The whole listing, pictures aside, should be reproduced exactly.
++++ AVAILABLE DATA
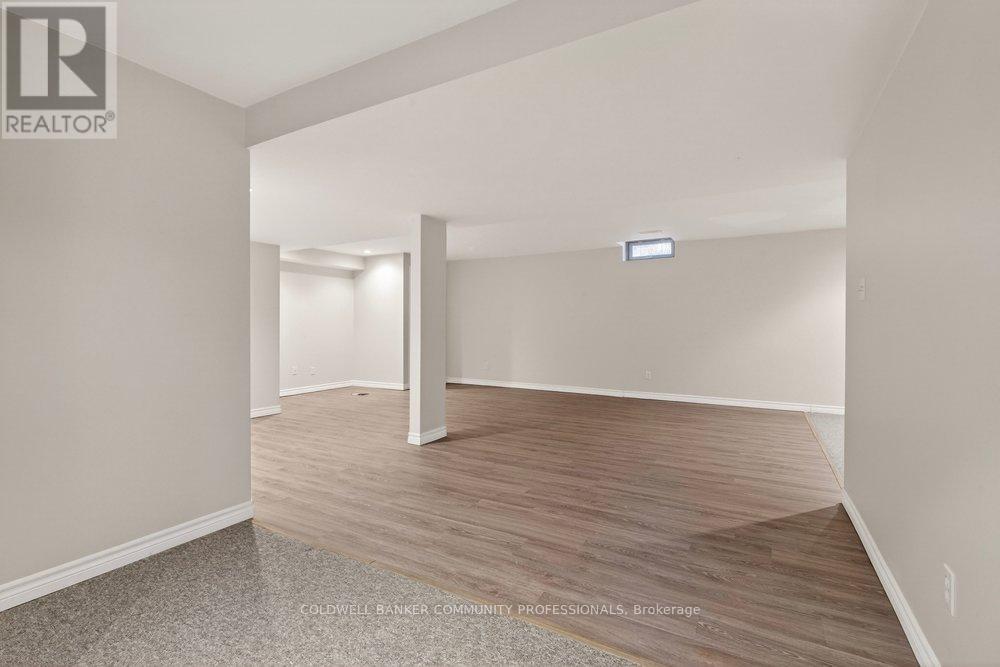 37 Garth Trails Crescent, Hamilton, Ontario  L9B 2X1 - Photo 23 - X12851142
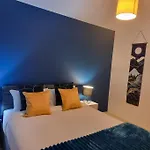 Premium Offers L Last-Minute Deal L Remigro Short Lets L 1 Bed Flat L Royal Docks L London City Airport & Excel L 2 Bed Apartment St Albans L Family Friendly L Near Bus Stop L City Centre L Book Today With Remigro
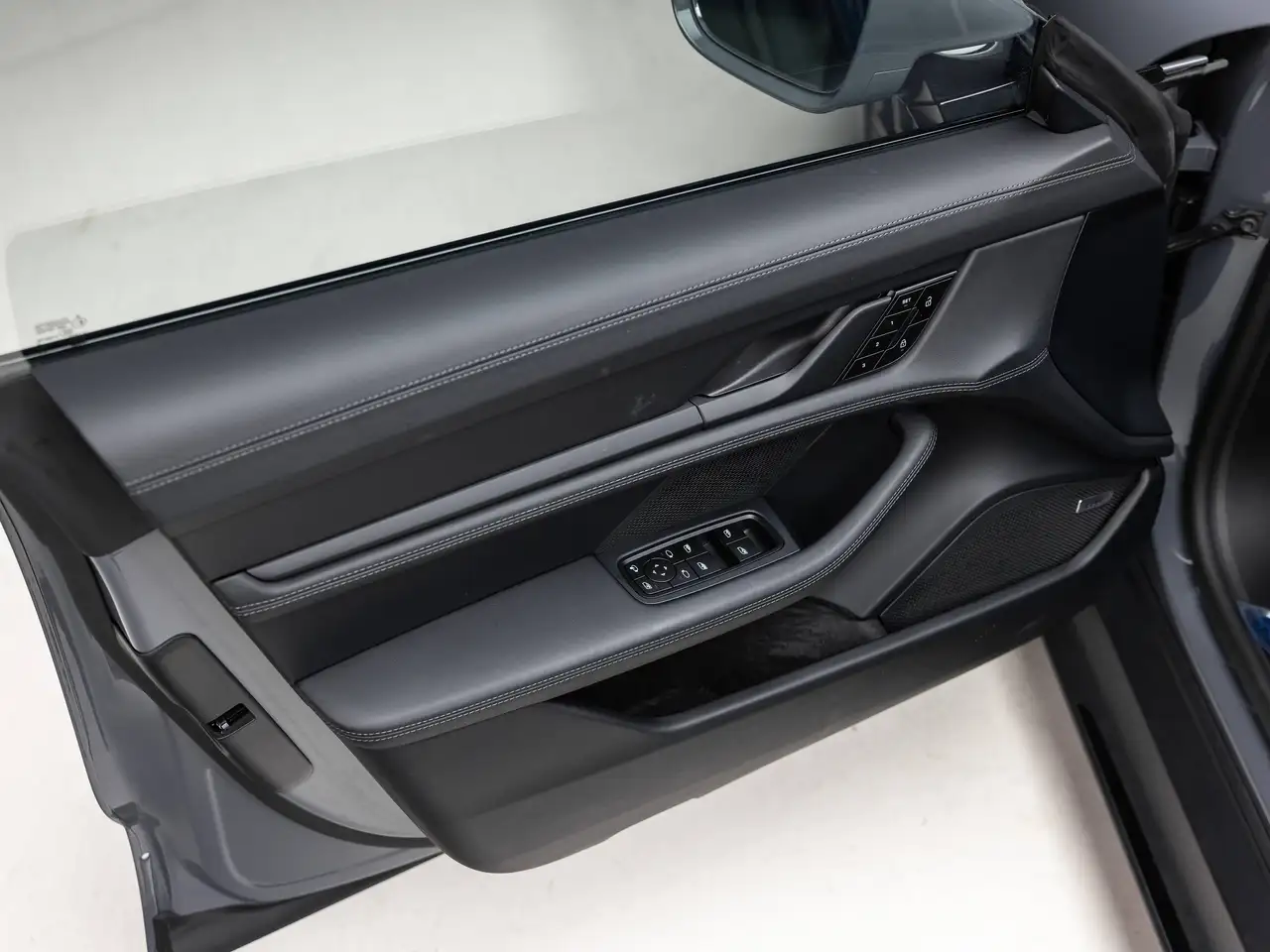 Porsche Taycan - Image 26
++++++++
**SOLUTION BELOW:**
 37 Garth Trails Crescent, Hamilton, Ontario  L9B 2X1 - Photo 23 - X12851142
 Premium Offers L Last-Minute Deal L Remigro Short Lets L 1 Bed Flat L Royal Docks L London City Airport & Excel L 2 Bed Apartment St Albans L Family Friendly L Near Bus Stop L City Centre L Book Today With Remigro
 Porsche Taycan - Image 26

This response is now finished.